_EXERCISE INSTRUCTIONS_
In this exercise, the entries below include pictures. Repeat exactly the lines from the line with "aurelia_world_2.0 Onlyfans Photo Gallery" to the line with "Budowa obwodnicy Podolsza", including both, but without the pictures.

_GIVEN DATA_
========
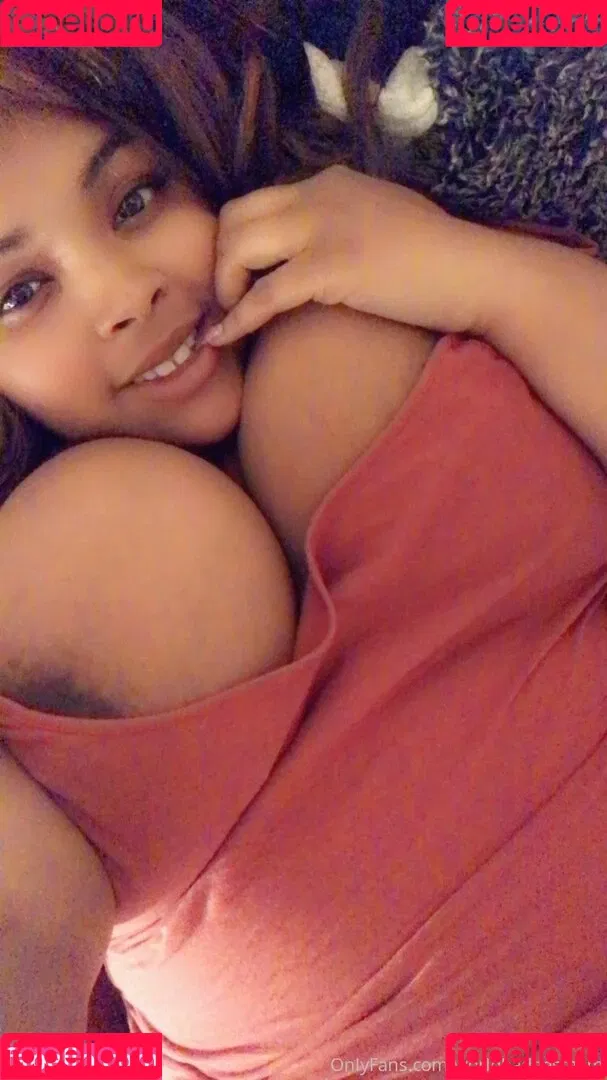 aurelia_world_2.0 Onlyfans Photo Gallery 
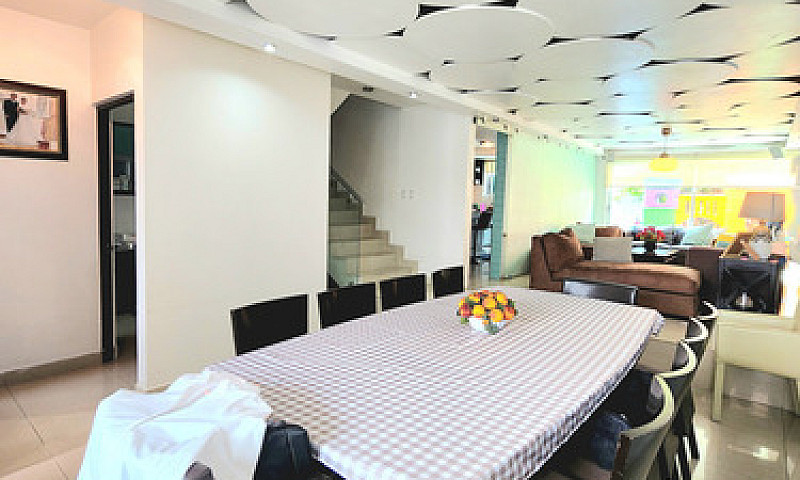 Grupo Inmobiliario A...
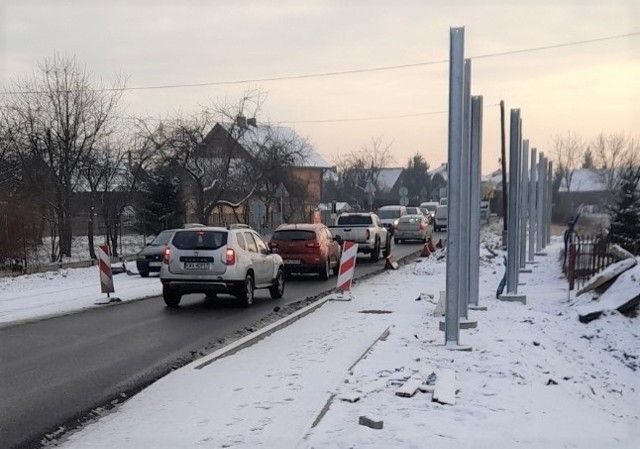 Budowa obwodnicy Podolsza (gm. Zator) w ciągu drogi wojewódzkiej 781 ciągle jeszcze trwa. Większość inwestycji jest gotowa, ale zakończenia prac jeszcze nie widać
========
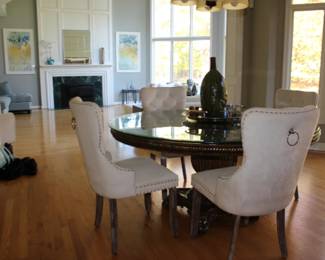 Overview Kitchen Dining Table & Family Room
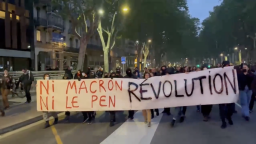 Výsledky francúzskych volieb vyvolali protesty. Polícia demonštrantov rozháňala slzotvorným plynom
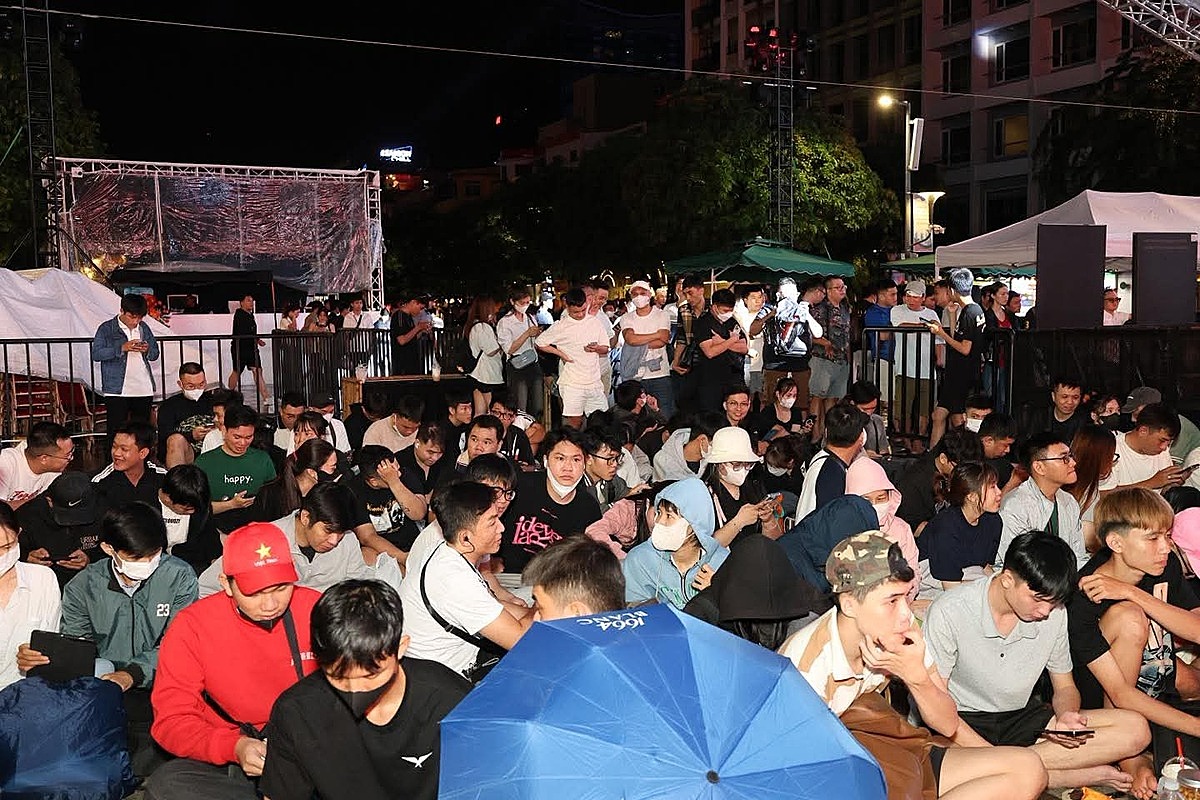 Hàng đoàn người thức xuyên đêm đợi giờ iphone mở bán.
========
_TASK RESULT_
 aurelia_world_2.0 Onlyfans Photo Gallery 
 Grupo Inmobiliario A...
 Budowa obwodnicy Podolsza (gm. Zator) w ciągu drogi wojewódzkiej 781 ciągle jeszcze trwa. Większość inwestycji jest gotowa, ale zakończenia prac jeszcze nie widać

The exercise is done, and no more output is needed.